Methods for Producing Decoherence-Free States and Noiseless Subsystems Using Photonic Qutrits

TL;DR

This paper proposes a method to create decoherence-free logical qubits and maximally entangled states using three-photon qutrit systems and linear optics, enhancing robustness against certain noise types.

Contribution

It introduces a novel approach to generate and verify decoherence-free states and noiseless subsystems with photonic qutrits using linear optical elements and spontaneous parametric down conversion.

Findings

Successful preparation of decoherence-free logical qubits.

Method to select maximally entangled two-qutrit states.

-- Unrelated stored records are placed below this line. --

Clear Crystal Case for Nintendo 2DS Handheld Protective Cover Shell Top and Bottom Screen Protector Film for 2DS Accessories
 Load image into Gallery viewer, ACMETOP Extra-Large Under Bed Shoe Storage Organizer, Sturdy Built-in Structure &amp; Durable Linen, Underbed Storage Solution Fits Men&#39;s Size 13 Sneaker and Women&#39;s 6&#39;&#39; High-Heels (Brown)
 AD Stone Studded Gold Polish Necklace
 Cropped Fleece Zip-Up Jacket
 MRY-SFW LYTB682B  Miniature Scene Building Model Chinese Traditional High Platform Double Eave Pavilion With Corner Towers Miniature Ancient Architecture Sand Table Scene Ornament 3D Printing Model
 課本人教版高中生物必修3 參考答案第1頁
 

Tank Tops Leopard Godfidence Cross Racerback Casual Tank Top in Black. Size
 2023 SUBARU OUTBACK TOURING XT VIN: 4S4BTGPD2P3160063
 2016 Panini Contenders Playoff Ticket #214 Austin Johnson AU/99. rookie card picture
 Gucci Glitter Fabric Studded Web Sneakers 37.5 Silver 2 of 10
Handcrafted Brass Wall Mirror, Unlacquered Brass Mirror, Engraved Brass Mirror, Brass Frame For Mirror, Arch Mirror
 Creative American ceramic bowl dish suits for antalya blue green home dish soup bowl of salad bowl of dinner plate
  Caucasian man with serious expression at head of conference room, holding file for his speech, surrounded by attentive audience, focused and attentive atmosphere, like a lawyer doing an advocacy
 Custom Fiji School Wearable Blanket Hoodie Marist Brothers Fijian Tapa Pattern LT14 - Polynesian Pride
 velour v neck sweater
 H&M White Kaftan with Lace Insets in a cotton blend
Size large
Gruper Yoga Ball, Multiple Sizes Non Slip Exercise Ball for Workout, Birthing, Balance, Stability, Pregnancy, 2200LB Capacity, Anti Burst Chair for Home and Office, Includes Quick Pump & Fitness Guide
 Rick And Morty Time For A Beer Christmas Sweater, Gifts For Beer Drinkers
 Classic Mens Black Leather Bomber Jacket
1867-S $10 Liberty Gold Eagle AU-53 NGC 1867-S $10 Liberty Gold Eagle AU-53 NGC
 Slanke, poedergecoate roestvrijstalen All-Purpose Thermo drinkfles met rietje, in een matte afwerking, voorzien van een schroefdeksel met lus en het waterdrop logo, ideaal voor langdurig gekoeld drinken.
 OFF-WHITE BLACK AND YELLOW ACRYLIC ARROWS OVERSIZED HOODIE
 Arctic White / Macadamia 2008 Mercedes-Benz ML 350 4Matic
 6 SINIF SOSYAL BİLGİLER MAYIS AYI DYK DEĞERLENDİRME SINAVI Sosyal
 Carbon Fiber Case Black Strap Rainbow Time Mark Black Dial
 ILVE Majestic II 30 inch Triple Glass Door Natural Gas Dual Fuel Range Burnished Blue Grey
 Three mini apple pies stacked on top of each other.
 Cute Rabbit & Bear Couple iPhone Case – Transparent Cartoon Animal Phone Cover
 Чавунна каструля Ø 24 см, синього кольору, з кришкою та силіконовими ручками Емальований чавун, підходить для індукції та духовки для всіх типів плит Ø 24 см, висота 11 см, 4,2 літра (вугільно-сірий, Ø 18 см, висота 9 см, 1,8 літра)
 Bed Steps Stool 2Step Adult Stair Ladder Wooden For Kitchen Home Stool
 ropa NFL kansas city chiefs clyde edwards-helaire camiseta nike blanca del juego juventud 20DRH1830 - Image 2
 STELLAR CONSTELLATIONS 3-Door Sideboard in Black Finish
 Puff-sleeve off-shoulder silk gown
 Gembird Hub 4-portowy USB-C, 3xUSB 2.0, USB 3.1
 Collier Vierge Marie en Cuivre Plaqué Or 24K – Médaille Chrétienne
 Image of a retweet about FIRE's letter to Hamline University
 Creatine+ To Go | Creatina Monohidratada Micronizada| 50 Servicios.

Conditions identified for decoherence-free states beyond collective errors.

Abstract

We outline a proposal for a method of preparing an encoded two-state system (logical qubit) that is immune to collective noise acting on the Hilbert space of the states supporting it. The logical qubit is comprised of three photonic three-state systems (qutrits) and is generated by the process of spontaneous parametric down conversion. The states are constructed using linear optical elements along with three down-conversion sources, and are deemed successful by the simultaneous detection of six events. We also show how to select a maximally entangled state of two qutrits by similar methods. For this maximally entangled state we describe conditions for the state to be decoherence-free which do not correspond to collective errors.